信仰に篤く高潔なヨブは、罪もないのに家族や財産を全て失い、業病に苦しめられる。それでもなお忠実な神の僕であり続けられるのか……? ヨブ記の問いは旧約時代のユダヤ人に止まらない普遍性を持っていたため、幾多の哲学者や宗教者によって追究され、重要な文学作品を生み出すインスピレーションの源にもなった。とはいえ、ヨブの問いかけは、何よりバビロン捕囚以降の苦しみの中にあるユダヤ人にとって切実なものだった。

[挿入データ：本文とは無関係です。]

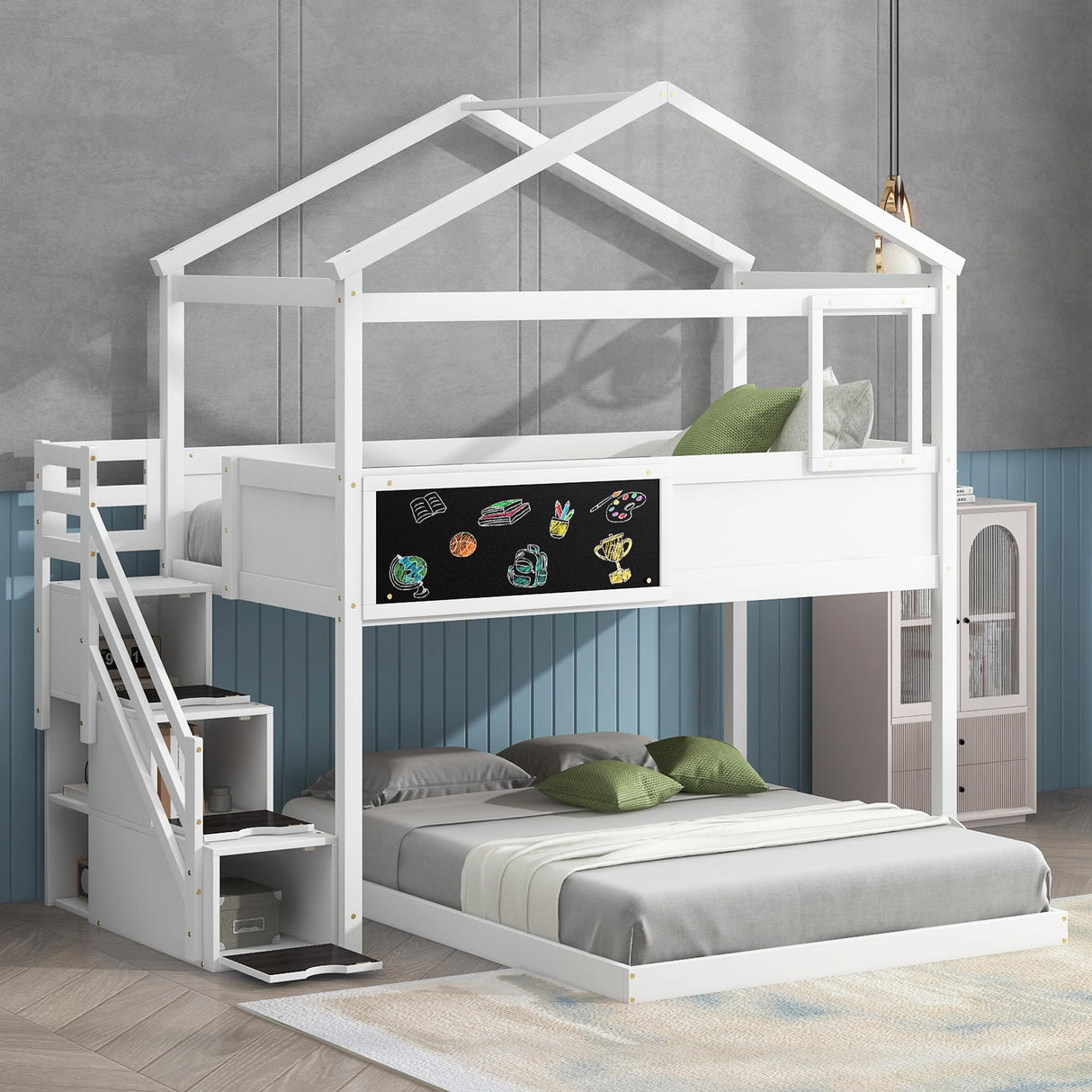 Harper & Bright Designs House Bunk Bed with Stairs,Twin Over Full Bunk Beds with Blackboard,Wood Kids Floor Bunk Bed Frame with Storage Shelves,Space-Saving Design, White Harper & Bright Designs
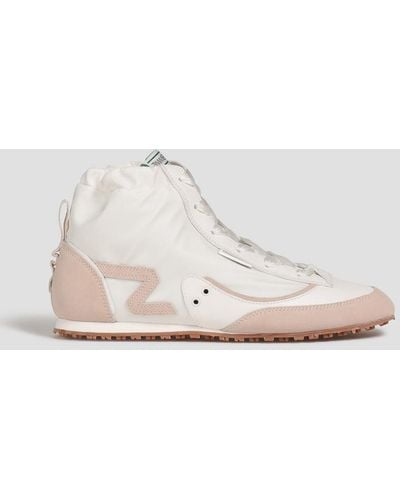 Zimmermann Suede-trimmed Shell High-top Sneakers - White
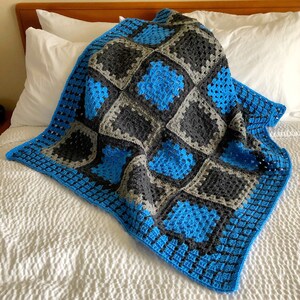Skipping Rocks Baby Blanket, Granny Square Blanket, Beginner Crochet Blanket Pattern, Quick Crochet Throw, Granny Square Pattern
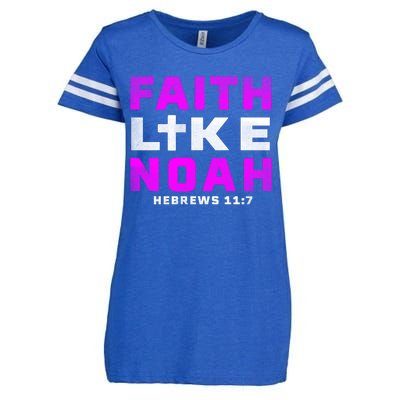 Faith Like Noah Hebrews 117 Enza Ladies Jersey Football T-Shirt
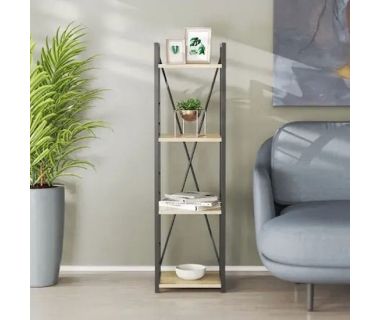 Этажерка 4/34 Ferrum-decor Серии Коннект 120x34x28 черный ДСП Дуб Сонома 16мм (FRD-104274)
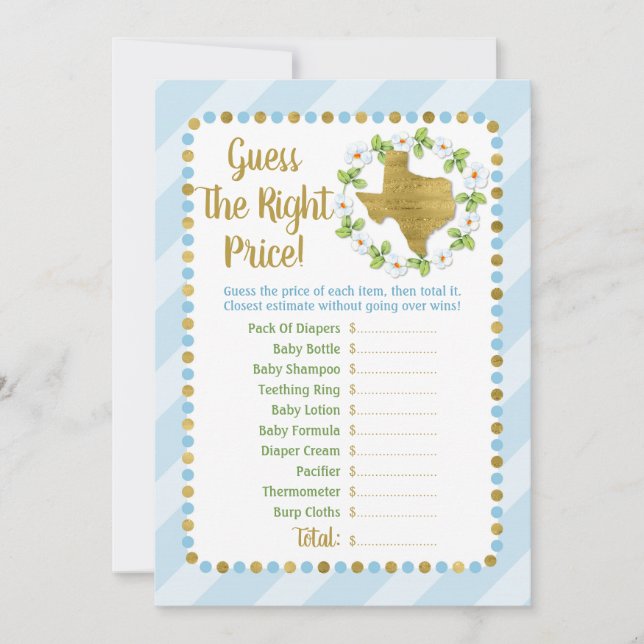 Texas Blue Gold Devinez Le Bon Prix Bébé Jeu (Devant)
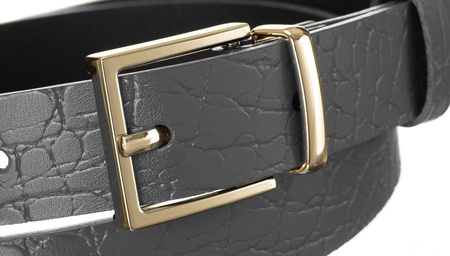 Damen Gürtel aus Leder mit goldener Schnalle und Animal-Print – Rovicky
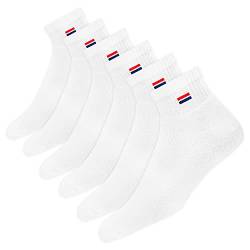 NAVYSPORT 6 Paar Sneaker Socken Herren Damen Sportsocken Baumwoll Socken Quarter Socken Unisex. (Weiß, 6 Paar, EU 43-46) von NAVYSPORT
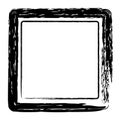 vector simple double line square frame from black crayon, at white background Royalty Free Stock Photo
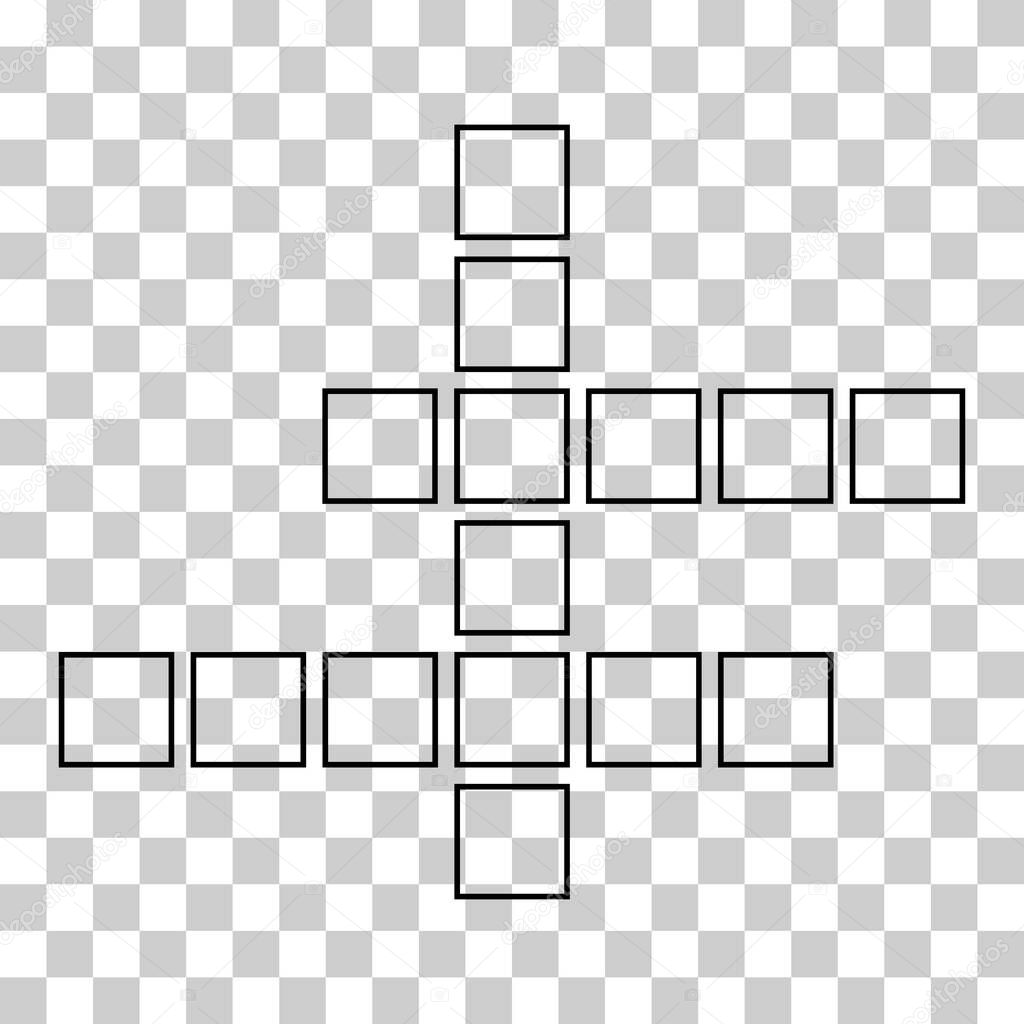 Crossword concept icon, cross word graphic symbol, web flat vector illustration .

ヨブの不幸は、イスラエル北王国滅亡以降、ヤハウェ信仰の立て直しをはかって来た人々の悲運と見合っている。彼らは周囲の堕落した信仰のあり方を否定して、ユダ王国ヨシア王の元で宗教改革を行い、正しい戒律や依って立つべき民族の歴史を編もうとしていた。だが、そうした試みはバビロニアによる侵略で虚しくなった。異教徒が繁栄を謳歌する一方、ヤハウェ信仰につながる人々は、信心の薄い者も篤い者も等しなみに捕囚やディアスポラという悲運に苦しんだのである。篤信者の立場は、ヨブに相似と言える。彼らが捕囚下で旧約の基を築いたのだった。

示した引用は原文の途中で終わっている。